We now have confirmation that AMD's upcoming Fiji GPU will use a new memory interface -- courtesy of the Hot Chips program guide.
By Joel Hruska
amd-radeon-graphics-card

Over the past few months, there's been an ongoing question over whether or not AMD's upcoming Fiji GPU would use High Bandwidth Memory. Most reports have pointed towards yes, and that's been our assumption, but official confirmation has been lacking. Now, for the first time, we've got unofficial-official confirmation, courtesy of Hot Chips 27.

Hot Chips(Opens in a new window) is an annual tech symposium sponsored by IEEE and ACM. It tends to feature new and cutting-edge designs, with a mix of talks that focus on products that have already shipped as well as some that discuss upcoming hardware. This year, we've got talks scheduled on Xeon-D, Cherry Trail, a new MIPS V CPU, an open-source GPGPU project (MIAOW), AMD's Carrizo, a new "lost-cost" processor from Oracle (Sonoma), and yes: "Fiji: The World's First Graphics Processor with 2.5D High Bandwidth Memory."

Now that it's official, what can we expect?

One persistent rumor is that Fiji will launch with 4GB of main memory, a 4096-bit memory bus, and a maximum throughput of roughly 500GB/s. That's substantially more bandwidth than the old R9 290X -- a gain of as much as 60%. The bandwidth gains of HBM are well-known and we've discussed them at length: Figures as high as 1TB/s of memory bandwidth on second-generation HBM devices have been tossed around, without exaggeration.

LatencyTiming

Bandwidth, however, is just one characteristic of memory performance. Latency is equally important, but data on HBM latency compared with GDDR5 is much harder to come by. The implication, if I've read the various slide decks and data sheets correctly, is that HBM latency should be modestly better than GDDR5's -- but possibly not by much. Certainly it won't improve by anything like the bandwidth jumps we're going to see.

This makes historical sense. As the slide below illustrates, we've had a much easier time increasing memory density than decreasing latency.

Density-vs-Latency

This chart also explains why CPUs have long relied on sophisticated cache structures to improve performance.

HBM vastly increases system bandwidth and it should dramatically reduce power consumption. There will be latency improvements courtesy of moving to through silicon vias (TSVs), but the fundamental timings shouldn't change much.

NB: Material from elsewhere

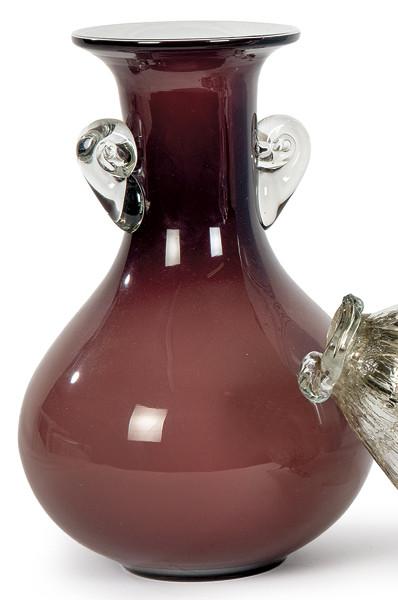  Jarrón de cristal de Murano color berengena con asas transparentes sobre base de opalina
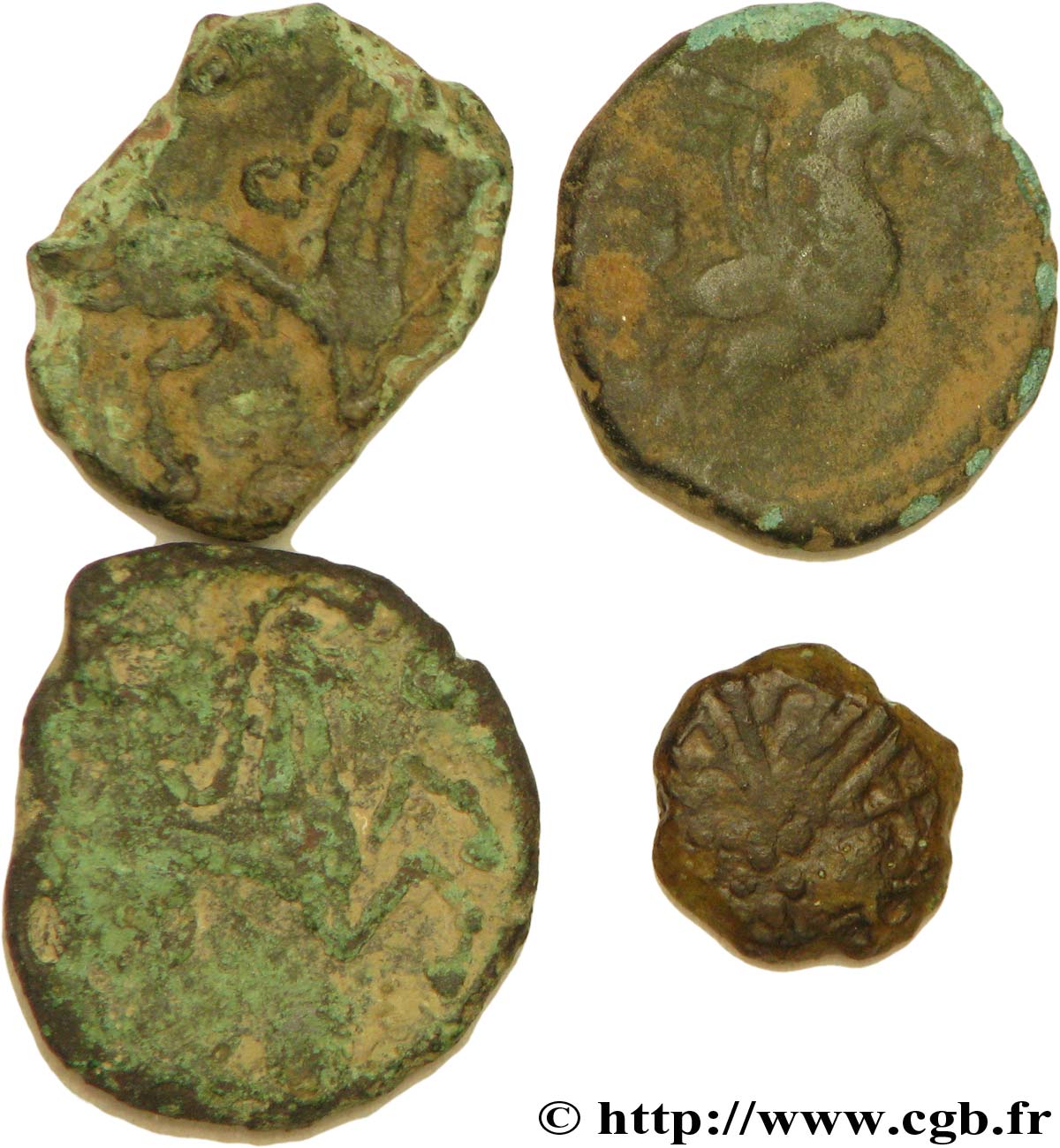 GALLIEN - BELGICA - BELLOVACI (Region die Beauvais) Lot de 2 bronzes au personnage courant et 2 bronzes au coq lot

GPU workloads, however, aren't very latency sensitive -- and throwing that much bandwidth at a GPU should yield its own sets of dividends.

Fiji is rumored to be dropping within a month or two, so we'll see what AMD has cooked up with its next-generation memory architecture in the near future. The bandwidth improvements and dramatically reduced power consumption should both be good for any card.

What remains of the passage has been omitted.